# Windows 10 Home Premium Key



## jamesx121 (Apr 23, 2008)

The Icon for Windows 10 update showed up today. 
I have Windows 7 home. 
Will my windows 7 key (oem) change to a Windows 10
Key???
I ask because of future hard drive crashes or reformats. 
After the 365 days are up I don't want to have to buy 
Windows 10 because I still have a Windows 7 key and
My ssd or had failed. 
Do I have to use a back up image for the rest of the life
of the computer???


----------



## CoolBurn (Dec 5, 2013)

http://www.ibtimes.co.uk/microsoft-...-free-upgrade-no-product-key-required-1504362


__ https://twitter.com/i/web/status/605899873360019457
ISO and clean install is a go. 
Still doesn't really answer about what happens to the old key, I have a feeling it will be void after upgrade.
Guess I'm going to have to read the license agreement when available.


----------



## renegade600 (Jun 22, 2006)

I know the key is not affected in the technical preview. I had to do some reinstalling when the second version messed up my triple boot.


----------



## CoolBurn (Dec 5, 2013)

That's because it's just a tech preview with a generic key. I was thinking back when Win 8 was about to come out and people who purchased new computers with Win 7 prior to 8's release received a free offer to upgrade. So I was looking around for Win 8's EULA because I remember reading something about upgrading and this is what I found. Again this for Win 8 and not 10 so who knows. 

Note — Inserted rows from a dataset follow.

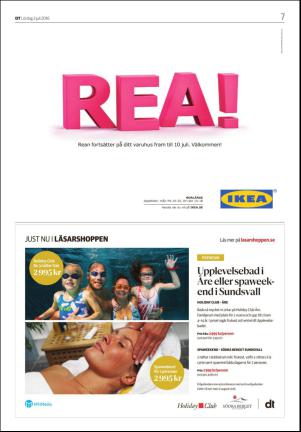 nyaludvikatidning_seksjon-20160702_000_00_00_007.pdf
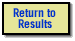 Return to Results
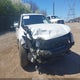5J6TF2H53AL007557 2010 Honda Accord Crosstour Ex-L auction photo thumbnail 6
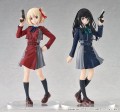 Lycoris-Recoil-Pop-Up-Parade-PVC-Statue-Chisato-Nishikigi-18-cm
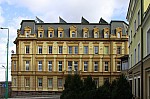_MG_6278.jpg _MG_6278.jpg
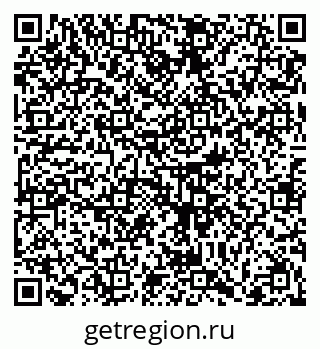 79062203316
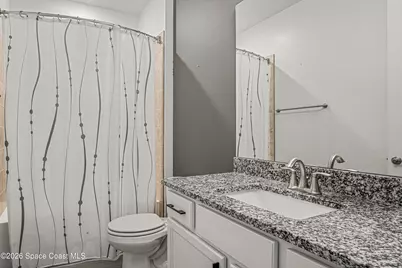 1772 Killian Drive NE, Palm Bay, FL 32905 - Photo 18
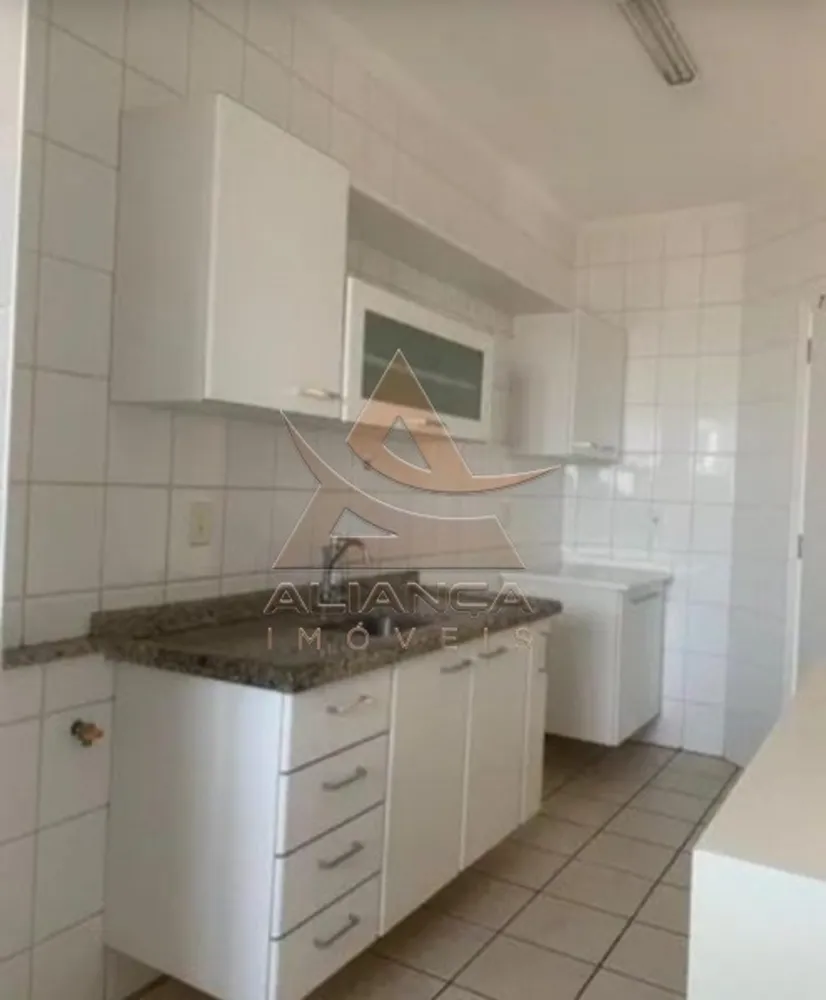 Apartamento, 2 quartos, 72 m² - Foto 9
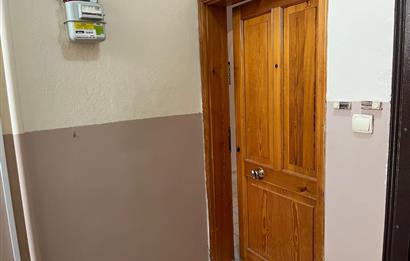 CENTURY21 BAL'DAN PAŞAALANI MAHALLESİNDE KİRALIK 3+1 DAİRE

> *What about upgrading the software? *
> The software covered by this agreement is an upgrade to your existing operating system software, so the upgrade replaces the original software that you are upgrading. You do not retain any rights to the original software after you have upgraded and you may not continue to use it or transfer it in any way. This agreement governs your rights to use the upgrade software and replaces the agreement for the software from which you upgraded. After you complete your upgrade, additional software will be required to playback or record certain types of media, including DVDs.


----------



## renegade600 (Jun 22, 2006)

yea, you are right, wasn't thinking when I posted that. just crawled out of bed and had not had my morning dr pepper yet. 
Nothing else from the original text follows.